Action item: From the entries below, return only the lines starting at the one that contains "Photo of seven" and ending at the one that contains "Family looking over farm gate", exactly as they stand.

Dataset records

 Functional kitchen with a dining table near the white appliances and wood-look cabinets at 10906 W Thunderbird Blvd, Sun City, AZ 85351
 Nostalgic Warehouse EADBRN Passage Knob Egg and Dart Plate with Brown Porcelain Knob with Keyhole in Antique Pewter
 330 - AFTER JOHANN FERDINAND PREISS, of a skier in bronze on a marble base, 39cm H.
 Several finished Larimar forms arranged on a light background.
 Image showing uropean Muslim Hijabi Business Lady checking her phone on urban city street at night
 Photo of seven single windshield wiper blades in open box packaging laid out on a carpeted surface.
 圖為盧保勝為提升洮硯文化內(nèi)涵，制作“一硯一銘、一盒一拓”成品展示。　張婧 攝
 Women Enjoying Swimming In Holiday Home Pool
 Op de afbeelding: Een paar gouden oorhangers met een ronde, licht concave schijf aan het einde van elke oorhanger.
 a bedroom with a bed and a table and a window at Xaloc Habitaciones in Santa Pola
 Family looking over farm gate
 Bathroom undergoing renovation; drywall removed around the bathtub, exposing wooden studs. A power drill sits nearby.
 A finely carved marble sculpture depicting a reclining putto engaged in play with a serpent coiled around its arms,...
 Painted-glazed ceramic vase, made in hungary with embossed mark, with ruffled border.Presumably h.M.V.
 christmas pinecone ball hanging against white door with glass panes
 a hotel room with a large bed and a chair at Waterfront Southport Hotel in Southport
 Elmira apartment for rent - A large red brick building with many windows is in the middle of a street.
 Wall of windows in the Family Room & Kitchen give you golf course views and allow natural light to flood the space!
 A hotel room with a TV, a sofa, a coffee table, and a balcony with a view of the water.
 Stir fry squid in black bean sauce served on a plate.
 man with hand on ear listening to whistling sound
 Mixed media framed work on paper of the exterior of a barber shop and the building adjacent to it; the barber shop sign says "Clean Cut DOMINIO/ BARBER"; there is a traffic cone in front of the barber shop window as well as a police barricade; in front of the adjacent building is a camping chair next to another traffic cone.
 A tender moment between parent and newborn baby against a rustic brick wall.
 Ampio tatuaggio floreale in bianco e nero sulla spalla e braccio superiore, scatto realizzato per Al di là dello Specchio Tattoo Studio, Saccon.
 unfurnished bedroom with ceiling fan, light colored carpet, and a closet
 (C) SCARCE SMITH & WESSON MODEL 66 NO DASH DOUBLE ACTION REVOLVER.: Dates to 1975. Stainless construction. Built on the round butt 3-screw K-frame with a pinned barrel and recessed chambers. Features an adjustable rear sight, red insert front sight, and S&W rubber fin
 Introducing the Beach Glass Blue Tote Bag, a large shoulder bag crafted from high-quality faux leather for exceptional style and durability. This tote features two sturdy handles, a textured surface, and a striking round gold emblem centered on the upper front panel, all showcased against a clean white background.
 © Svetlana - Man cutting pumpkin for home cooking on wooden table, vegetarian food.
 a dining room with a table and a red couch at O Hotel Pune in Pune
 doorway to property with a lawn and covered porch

Answer section:
 Photo of seven single windshield wiper blades in open box packaging laid out on a carpeted surface.
 圖為盧保勝為提升洮硯文化內(nèi)涵，制作“一硯一銘、一盒一拓”成品展示。　張婧 攝
 Women Enjoying Swimming In Holiday Home Pool
 Op de afbeelding: Een paar gouden oorhangers met een ronde, licht concave schijf aan het einde van elke oorhanger.
 a bedroom with a bed and a table and a window at Xaloc Habitaciones in Santa Pola
 Family looking over farm gate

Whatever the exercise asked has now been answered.